Delay Repay: If Southeastern claim they have a bullet train, challenge them!

I was very surprised to receive an e-mail from Southeastern Customer Services advising me that my claim for a journey on 22 February was declined. The reason given was as follows:

“Our records indicate the journey was delayed by less than 30 minutes, which is below the minimum threshold for triggering compensation”

I replied stating the actual arrival and departure times and asked for an explanation as to why my claim was declined.

The answer I received was as follows: –

“Thank you for your webform dated 26 February about your Delay Repay claim reference S20180223-1169105.

I’m sorry you feel your claim has been wrongfully declined. I appreciate why you’ve taken the time to contact us.

I’ve looked on our records and investigated this claim again for you. I can confirm the 17:00 service from London Bridge arrived into Sevenoaks at 17:30, 3 minutes after scheduled arrival of 17:27. Because of this you missed your 17:30 connection from Sevenoaks to Bat & Ball. Consequently your actual arrival was 18:01, 28 minutes after your scheduled arrival of 17:33.

Although you were only delayed by 28 minutes, as a gesture of goodwill I’ve compensated you for a 30-59 minute delay. I’ve arranged for £7.80 to be sent to you via bank transfer. Please allow 10 working days for the funds to appear in your account.

Once again, thank you for contacting us. I hope your future journeys are trouble free.”
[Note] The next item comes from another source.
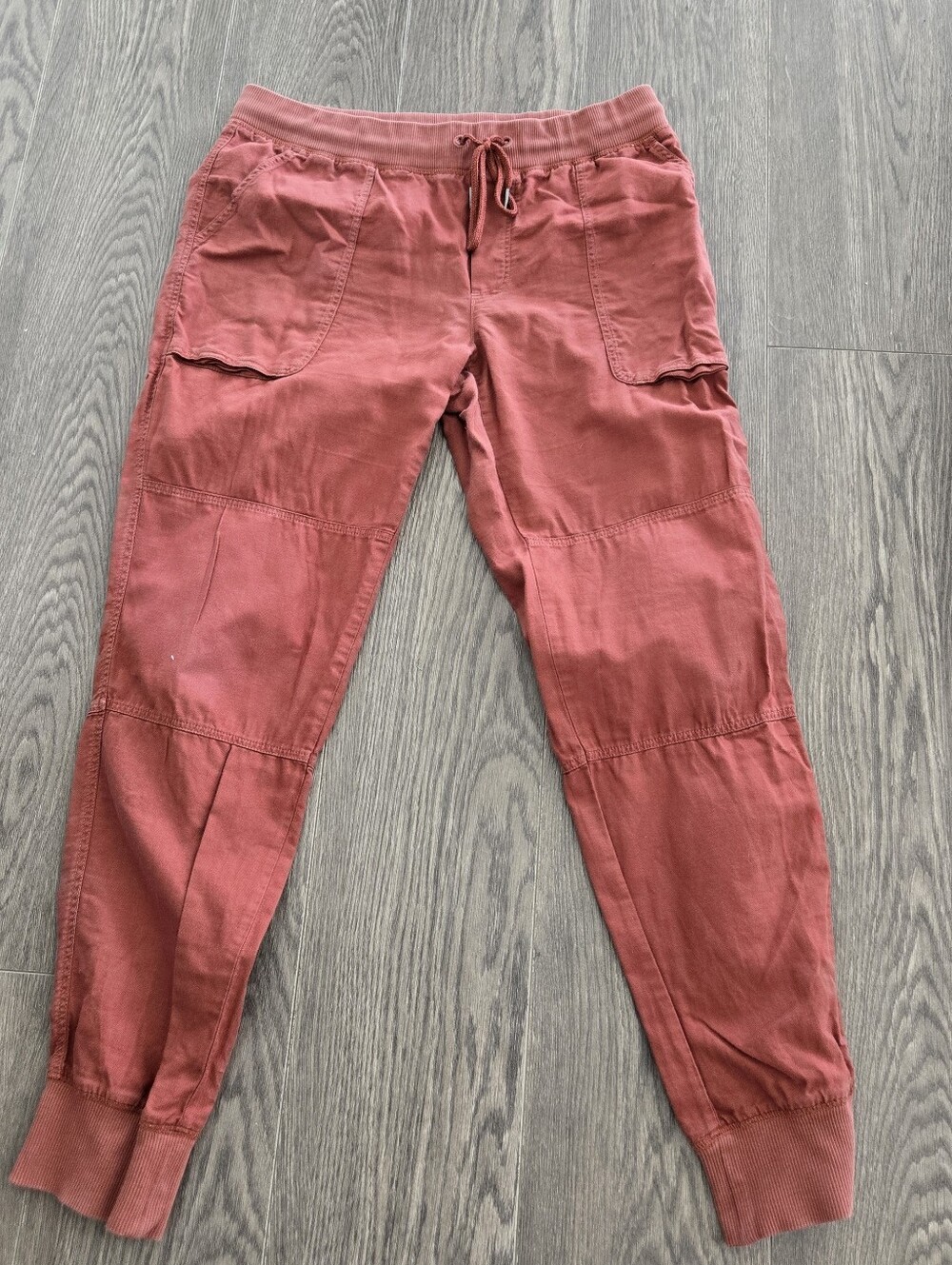Aritizia Community Cargo Jogger Pants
How can the delay I experienced have only been 28 minutes? The 18.00 departure from Sevenoaks would have had to arrive at Bat & Ball at 18.01, it takes three minutes to travel from Sevenoaks to Bat & Ball! According to Network RaiI’s online timetables, which show the distance between stations, Sevenoaks to Bat & Ball is 1.25 miles. To travel 1.25 miles in a minute a speed of 75 MPH is required, and that is ignoring that the train would have to accelerate from being alongside the platform at Sevenoaks station and then brake from speed to stop at Bat & Ball station. I do not think that a Japanese Bullet Train could do this, let alone a Thameslink Class 700.

I was tempted to reply and ask the question, but I have better things to do with my time and I already had the money. Still it shows that it pays to challenge a refusal of Delay-Repay!